_GIVEN DATA_:
┄┄┄┄┄┄┄┄┄┄┄┄┄┄┄┄┄┄┄┄
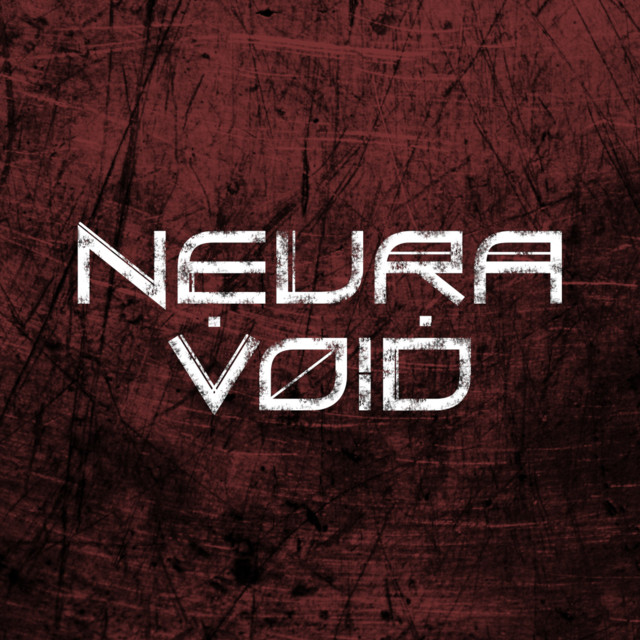 Neruda Songs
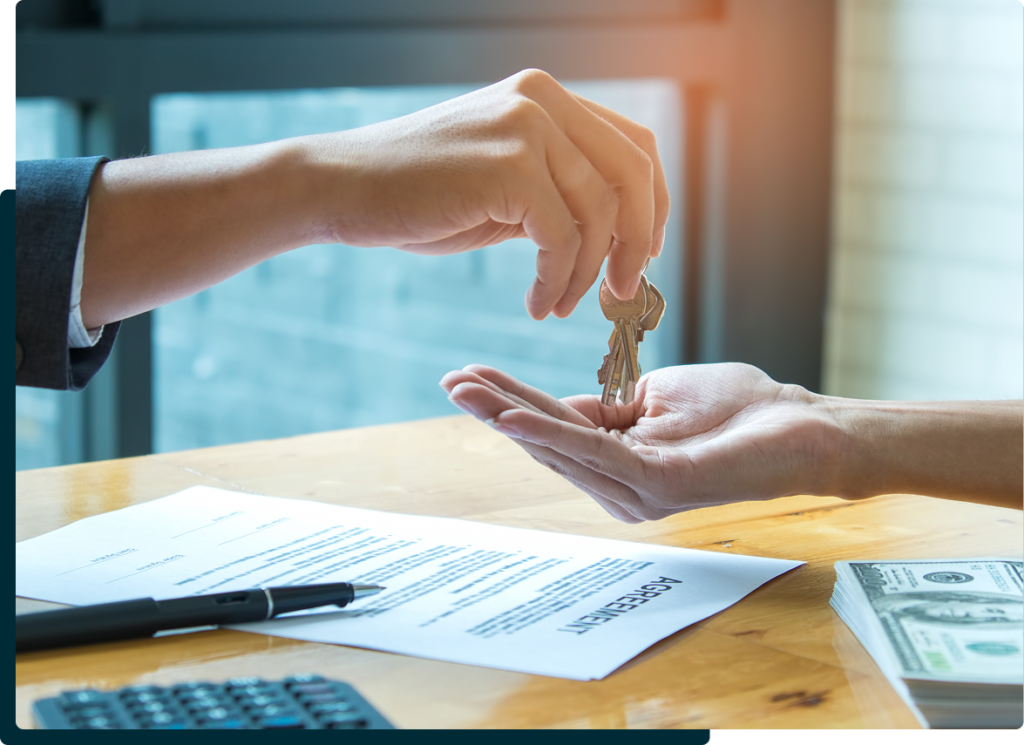 Smart wealth building loan solutions for long-term financial growth-Finnex-Melbourne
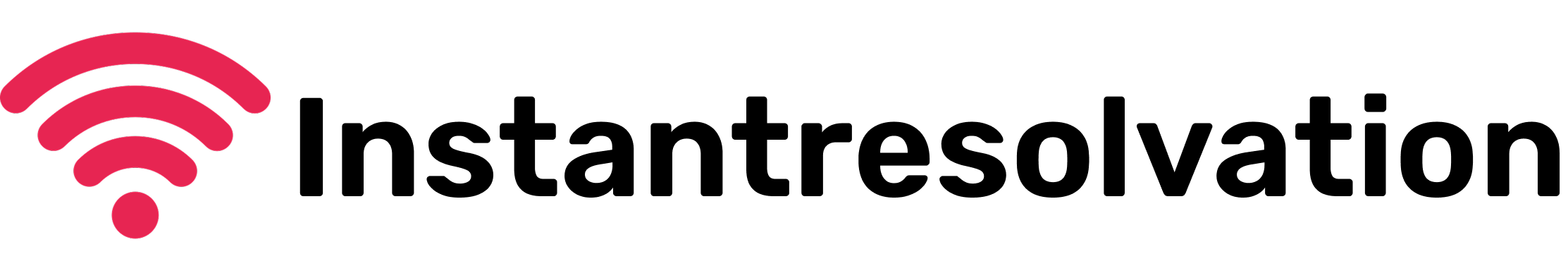 Group 1 (33)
┄┄┄┄┄┄┄┄┄┄┄┄┄┄┄┄┄┄┄┄
An exact reproduction of the material above is needed, without its pictures.

 Neruda Songs
 Smart wealth building loan solutions for long-term financial growth-Finnex-Melbourne
 Group 1 (33)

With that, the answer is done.